Method: The comparative, prospective, double-blind, placebo-controlled study was conducted from October 2020 to April 2021 at the Paediatric Emergency Service after approval from the ethics review committee of Diyarbakir Gazi Yasargil Training and Research Hospital, Turkey, and comprised infants with a diagnosis of acute gastroenteritis who were divided into four groups. Only appropriate dietary recommendations were given to the control group 1, while group 2 was given a single probiotic containing bifidobacterium breve, bifidobacterium bifidum, bifidobacterium infantis and bifidobacterium longum strains. Group 3 was given zinc and group 4 was given probiotics and zinc. Demographic data of the patients, admission complaints, physical examination findings, dehydration degrees, and laboratory findings were recorded and analysed.
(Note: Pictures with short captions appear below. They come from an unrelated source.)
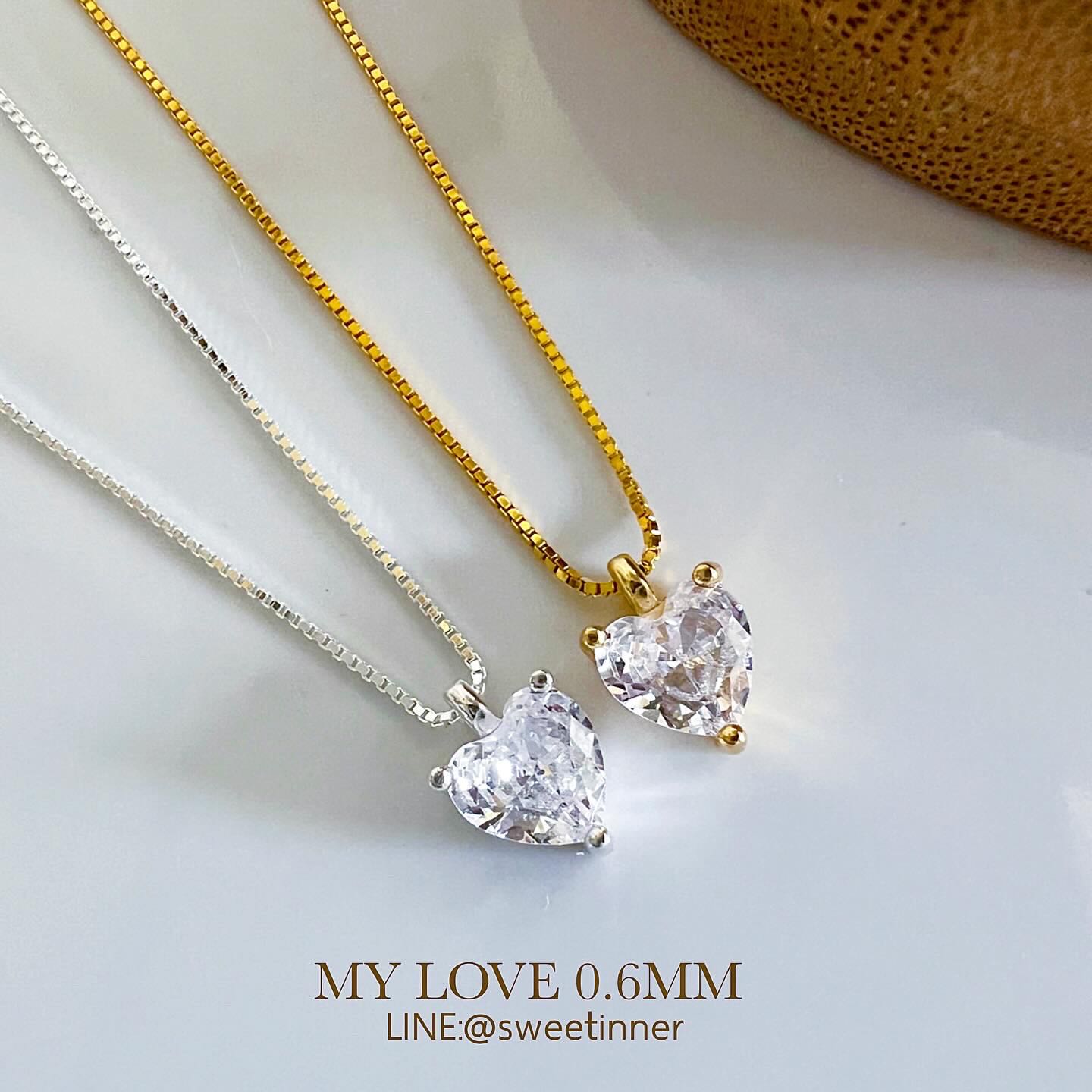 ขายดี🎉MY LOVE 💖🪄 เงินแท้92.5% สร้อยพร้อมจี้รูปหัวใจเพชรCZ สร้อยMini square0.6mm สร้อยหัวใจ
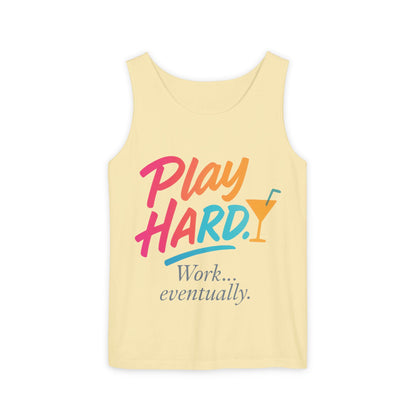 Play Hard Work Eventually Tank Top - Casual Summer Apparel, Womens Beachwear, Resort Wear, Gift for Friends, Vacation Essential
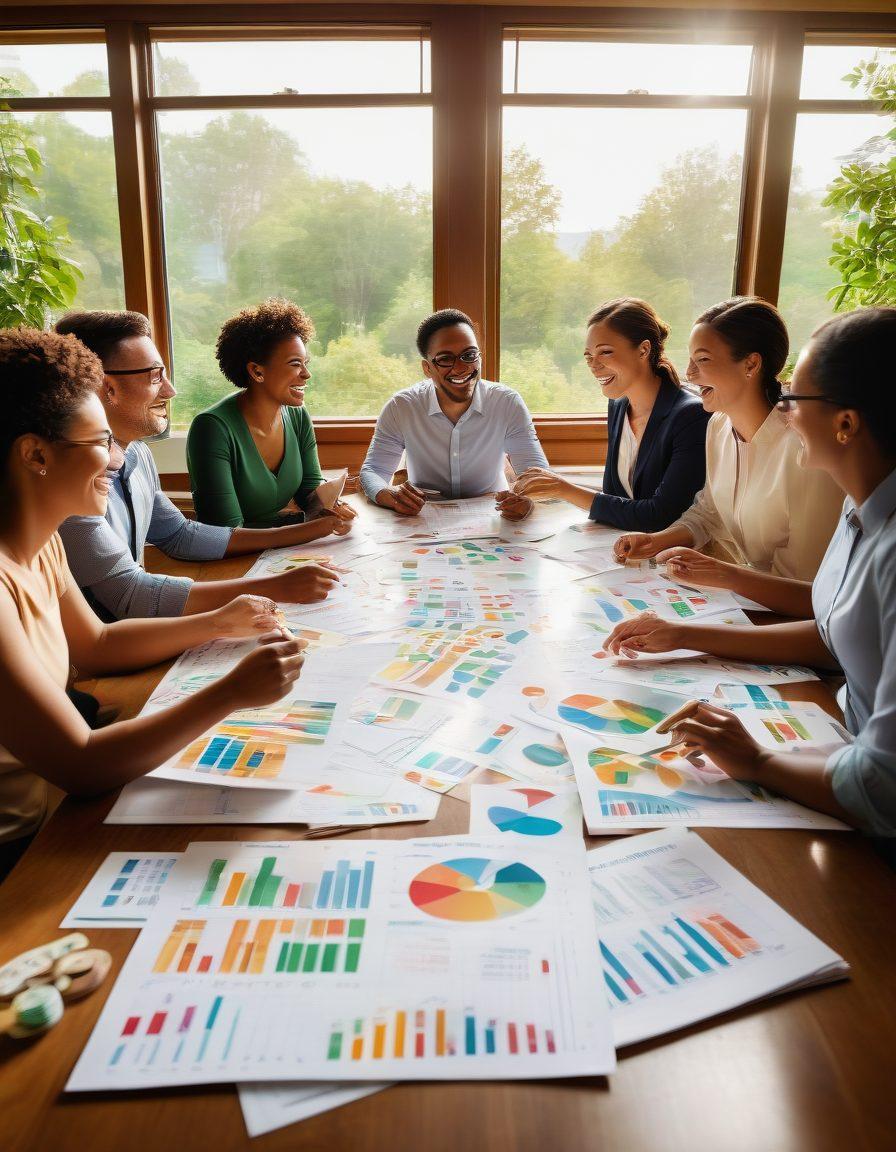 A bright and optimistic financial planning scene featuring a diverse group of individuals joyfully discussing financial strategies around a large table filled with colorful charts and graphs, surrounded by greenery and sunlight streaming in through large windows. Coins and dollar bills playfully float in the air, symbolizing prosperity and positivity. The atmosphere should be cheerful and inviting, capturing the essence of collaboration and success. vibrant colors. super-realistic. bright background.
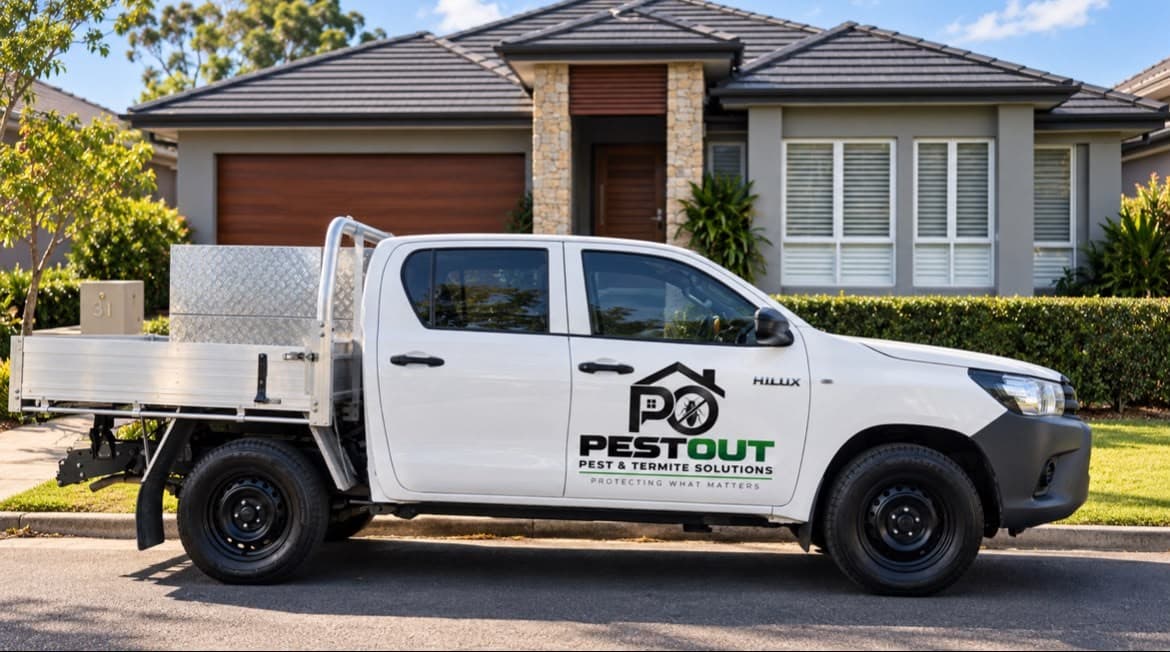 Pest Out branded service ute parked outside a modern Sydney home, technician preparing equipment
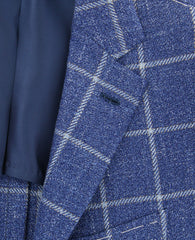 Fiori Di Lusso Blue Linen Window Pane Sportcoat - (201803068) - Parent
Results: Of the 132 subjects, 79 (59.8%) were males. The overall mean age was 27.5±3.6 months. There were 22 (16.7%) patients in group 1, 34 (25.8%) in group 2, 28 (21.2%) in group 3, and 48 (36.4%) in group 4. The mean duration time to diarrhoea termination was 84.5±10.7 hours (range: 79-89 hours) in group 1, 73.05±6.8 hours (range: 70.5-75.4 hours) in group 2, 80.1±10.3 hours (range: 76-84 hours) in group 3, and 43.5±9.6 hours (range: 46-48 hours) in group 4. Group 4 outcome was statistically significant (p<0.001).
Conclusions: The efficiency of combined treatment with probiotics and zinc was found to be significantly better in the treatment of childhood acute gastroenteritis.
Keywords: Child, Gastroenteritis, Probiotic, Zinc. (JPMA 72: 2019; 2022)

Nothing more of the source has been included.